• _Required action_
Produce word for word the lines of the data below running from the one that has "Эмаль ПФ-115 Decoself" to the one that has "360 Degrees Rotating", inclusive, and no others.

• _Source material_
═══

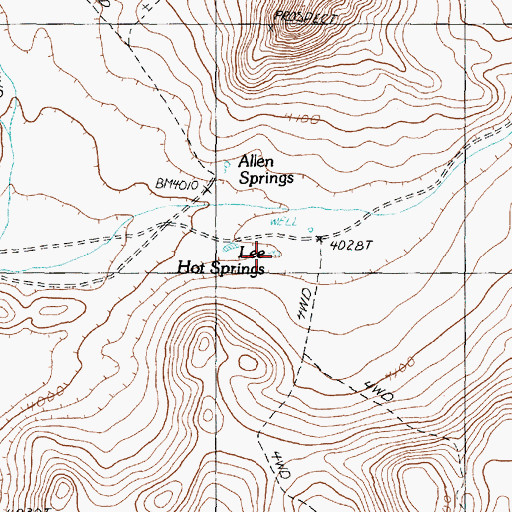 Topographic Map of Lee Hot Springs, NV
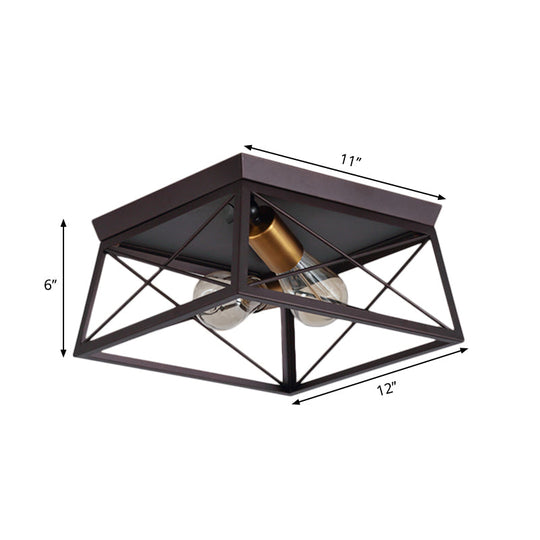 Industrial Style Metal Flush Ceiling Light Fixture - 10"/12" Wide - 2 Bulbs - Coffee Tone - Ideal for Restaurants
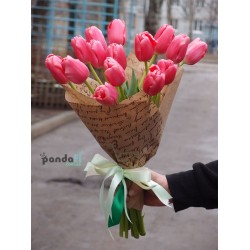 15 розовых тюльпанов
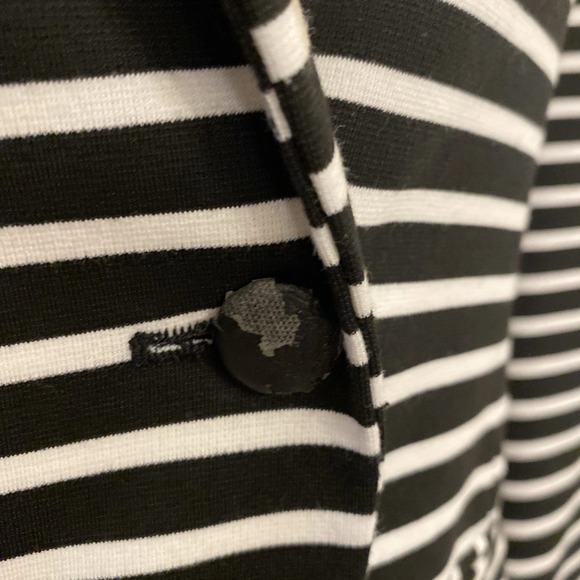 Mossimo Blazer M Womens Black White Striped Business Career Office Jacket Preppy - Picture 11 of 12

═══

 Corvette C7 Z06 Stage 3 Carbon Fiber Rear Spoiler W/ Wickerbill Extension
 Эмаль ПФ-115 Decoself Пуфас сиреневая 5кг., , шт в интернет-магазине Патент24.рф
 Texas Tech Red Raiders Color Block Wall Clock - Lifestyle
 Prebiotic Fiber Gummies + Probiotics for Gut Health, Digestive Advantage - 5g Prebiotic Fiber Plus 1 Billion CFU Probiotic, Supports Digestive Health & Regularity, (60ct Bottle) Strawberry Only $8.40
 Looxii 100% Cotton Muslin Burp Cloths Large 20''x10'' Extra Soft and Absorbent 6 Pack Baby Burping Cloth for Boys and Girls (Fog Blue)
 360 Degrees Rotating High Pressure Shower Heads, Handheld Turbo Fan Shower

═══

• _Reply to the task_
 Эмаль ПФ-115 Decoself Пуфас сиреневая 5кг., , шт в интернет-магазине Патент24.рф
 Texas Tech Red Raiders Color Block Wall Clock - Lifestyle
 Prebiotic Fiber Gummies + Probiotics for Gut Health, Digestive Advantage - 5g Prebiotic Fiber Plus 1 Billion CFU Probiotic, Supports Digestive Health & Regularity, (60ct Bottle) Strawberry Only $8.40
 Looxii 100% Cotton Muslin Burp Cloths Large 20''x10'' Extra Soft and Absorbent 6 Pack Baby Burping Cloth for Boys and Girls (Fog Blue)
 360 Degrees Rotating High Pressure Shower Heads, Handheld Turbo Fan Shower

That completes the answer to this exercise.